ブルース・スプリングスティーンのディスコグラフィのなかで、最初に語られるアルバムは『明日なき暴走(Born to Run)』だろう。アメリカンロックの歴史的名盤であり、スプリングスティーンのキャリアを決定づけた作品だ。続いて語られるのは『ザ・リバー』だろうか。2枚組でありながらも、初の全米アルバムチャート1位を獲得した記念碑的な作品だ。

『明日なき暴走』からの『ザ・リバー』って… 何か忘れてんじゃねぇ? そう、この2枚の間に挟まれているアルバム『闇に吠える街(Darkness on the Edge of Town)』がスキップされてしまうことが結構あるんです。

『闇に吠える街』は1978年にリリースされたスプリングスティーンの4枚目のアルバム。前作のリリースからの3年の間に、デビュー当時からのマネジャーでありプロデュサーでもあるマイク・アペルから訴訟を起こされ法廷闘争に発展している。この後、両者は示談に至っているが、闘争中の約1年間、スプリングスティーンは一切のレコーディング活動ができず、『闇に吠える街』の制作になかなか取り掛かれなかった。

パンクロックからの影響とフラストレーションの爆発!


大ヒット後のプレッシャーや訴訟のストレスは、スプリングスティーンをかなりイラつかせたのだろう。また、時代はパンクロック勃発と重なり、ロックは怒りの時代を迎えていた。こうした状況を色濃く反映したアルバムが『闇に吠える街』だ。

本作では、きつい仕事に耐えながらも、そこから抜け出そうとする人、夜の街に飛び出していく若者の姿が歌われている。物語の設定や舞台は『明日なき暴走』と同じだが、主人公たちに用意されている結末は、決して幸福なものではない。

『明日なき暴走』にあった前向きなエネルギーや、最後には救われる安心感とは正反対の、現実の厳しさが歌われている。
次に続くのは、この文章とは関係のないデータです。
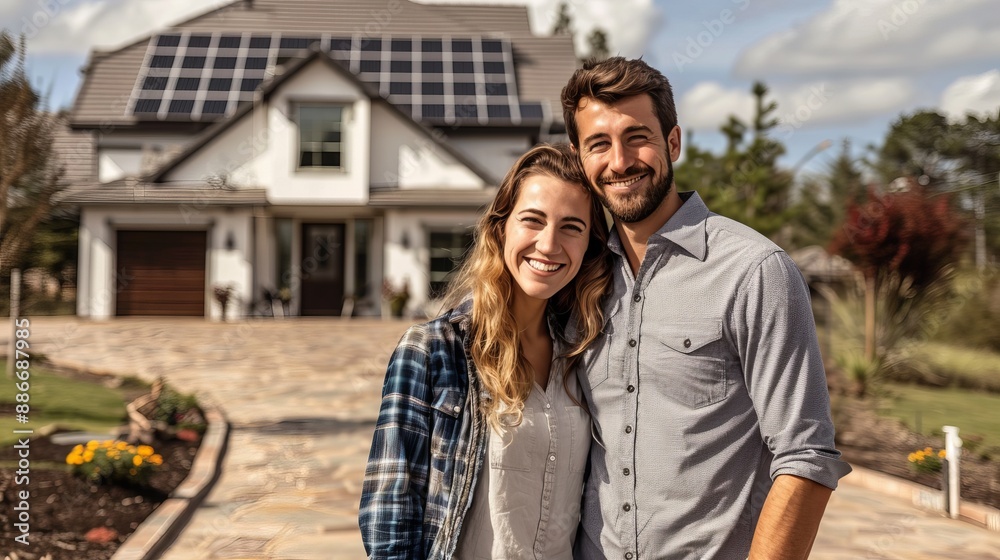 a happy rich couple standing in front of thee new solar powered house and standing with each other in broad day light, wearing simple casual clothing a happy rich couple standing in front of thee new solar powered house and standing with each other in broad day light, wearing simple casual clothing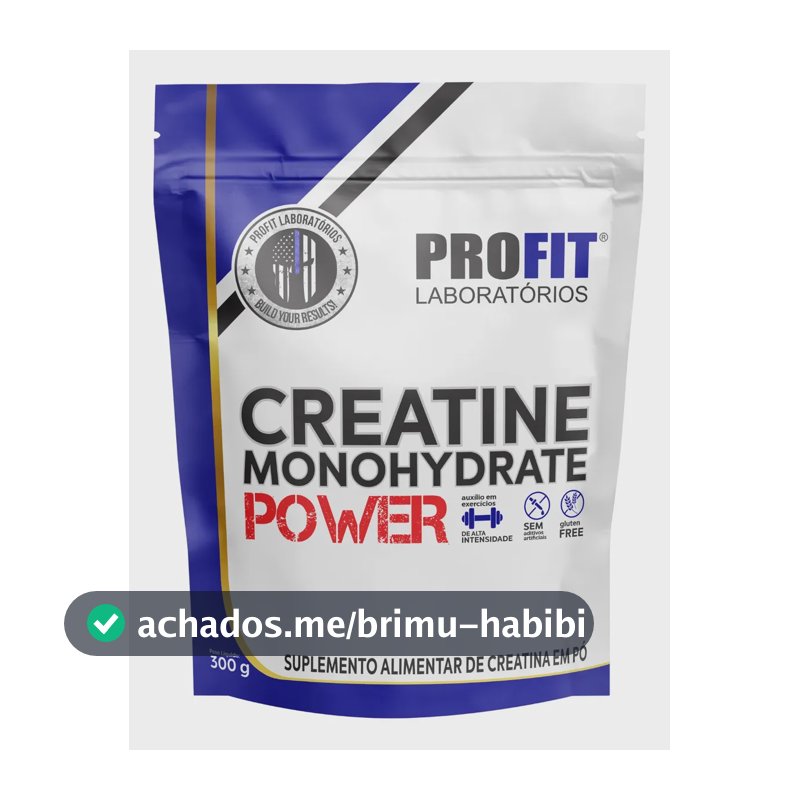 Creatina Monohidratada Power 300g Refil Profit Sabor Natural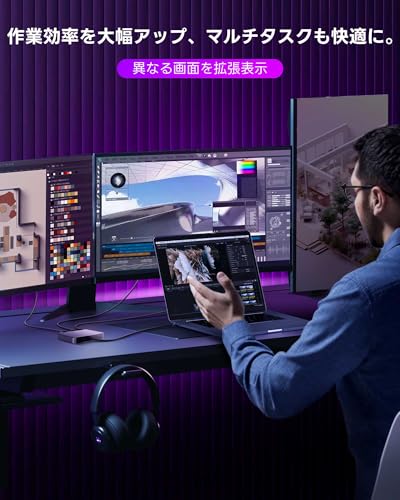 Avedio Links USB C To HDMI Adapter, 4K@60Hz HDMI Splitter with Extended Mode (MST/ABCD), 100W PD Charging Port, 4-Screen Display Hub, 3-Port Output, 4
歌詞カードの日本語訳を見るとよくわかるのだが、多くの曲の最終センテンスで、怒りや挫折が示される。歌の最後に厳しい言葉を用意してくるスプリングスティーンの精神状態も穏やかではなかったのだろう。

サウンドも『明日なき暴走』にあったウキウキするような音づくりはなくなり、そのかわりに激しさや重苦しさが増している。ボーカルも明るく、楽しく歌う曲はなく、腹の底から喉を切り裂くように声を絞り出して歌われる曲が印象に残る。また、スプリングスティーン本人が弾くエレキギターはノイジーで音圧も強い。この変化は明らかにパンクロックからの影響とフラストレーションを爆発させるための意図が感じられる。

アルバム収録曲はライブの重要なレパートリー


『闇に吠える街』に『明日なき暴走』のパート2を期待したファンも多かったはずだ。しかし、3年ぶりのアルバムはその期待に真っ向から応えるものではなかった。では、スプリングスティーンのキャリアにとって『闇に吠える街』は、大して重要な作品ではないのだろうか?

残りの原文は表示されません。